Secondo tale normativa tutti i cani, nelle aree urbane e nei luoghi aperti al pubblico, devono: essere condotti al guinzaglio, che non deve essere più lungo di un metro e mezzo (può essere lasciato libero solo nelle apposite aree adibite a tale scopo); avere con sé la museruola, che deve essere messa solo in caso di “rischio per l’incolumità di persone/animali o su richiesta delle Autorità competenti” e raccogliere obbligatoriamente le deiezioni del cane (la Polizia Locale ha diritto di emettere una legittima sanzione se non siate forniti degli appositi sacchetti e paletta). Cartello si, cartello no: è proprio questa segnalazione di divieto con apposito cartello prevista nell’art. 83 (DPR n.320/54) che negli anni ha creato più di un fraintendimento, nonché vari ricorsi.
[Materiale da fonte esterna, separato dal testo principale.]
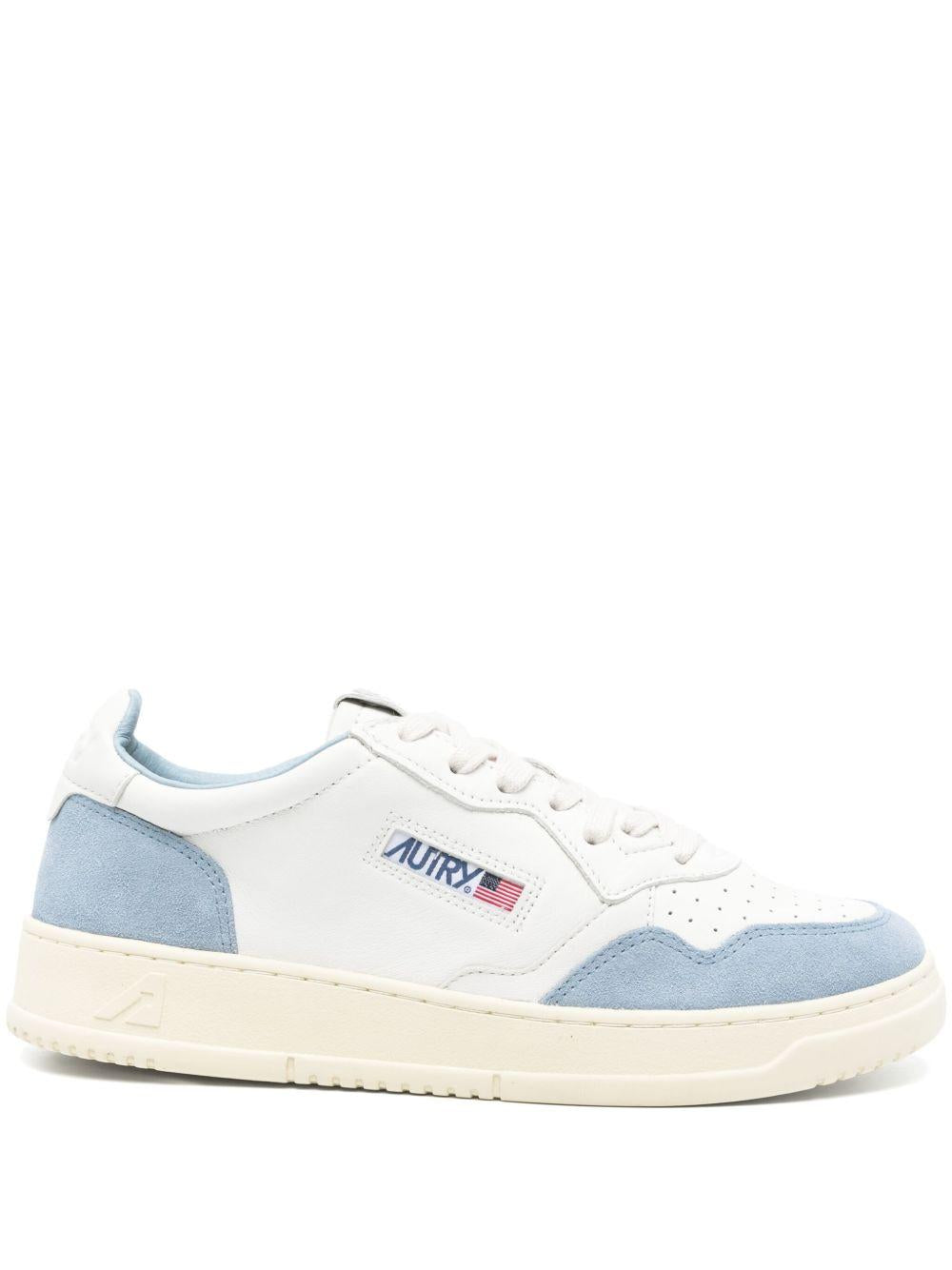 Product photo 1 for product AULMLS33WHITE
Qualora un esercente volesse impedire l’accesso agli animali deve fare specifica richiesta al Comune sulla base di concrete esigenze di tutela igienico sanitaria. In caso di accoglimento dell’istanza, l’esercente dovrà apporre specifico avviso e, affinché il cartello sia valido, è necessaria la comunicazione all’Ufficio competente e deve riportare l’indicazione della normativa. Se il divieto d’accesso degli animali è previsto dal regolamento comunale vanno segnalati gli estremi del provvedimento nel cartello affisso all’ingresso del locale, inoltre il comune dovrebbe predisporre appositi spazi e punti di ancoraggio fuori dai negozi per la sosta degli animali a guinzaglio. Se non riporta gli estremi del provvedimento il cartello “IO NON POSSO ENTRARE” non è valido e il cliente può non osservare la norma o chiamare la polizia ed esporre denuncia, quindi al momento se ci sono dei trasgressori questi non sono sicuramente né i commercianti né i proprietari di animali d’affezione.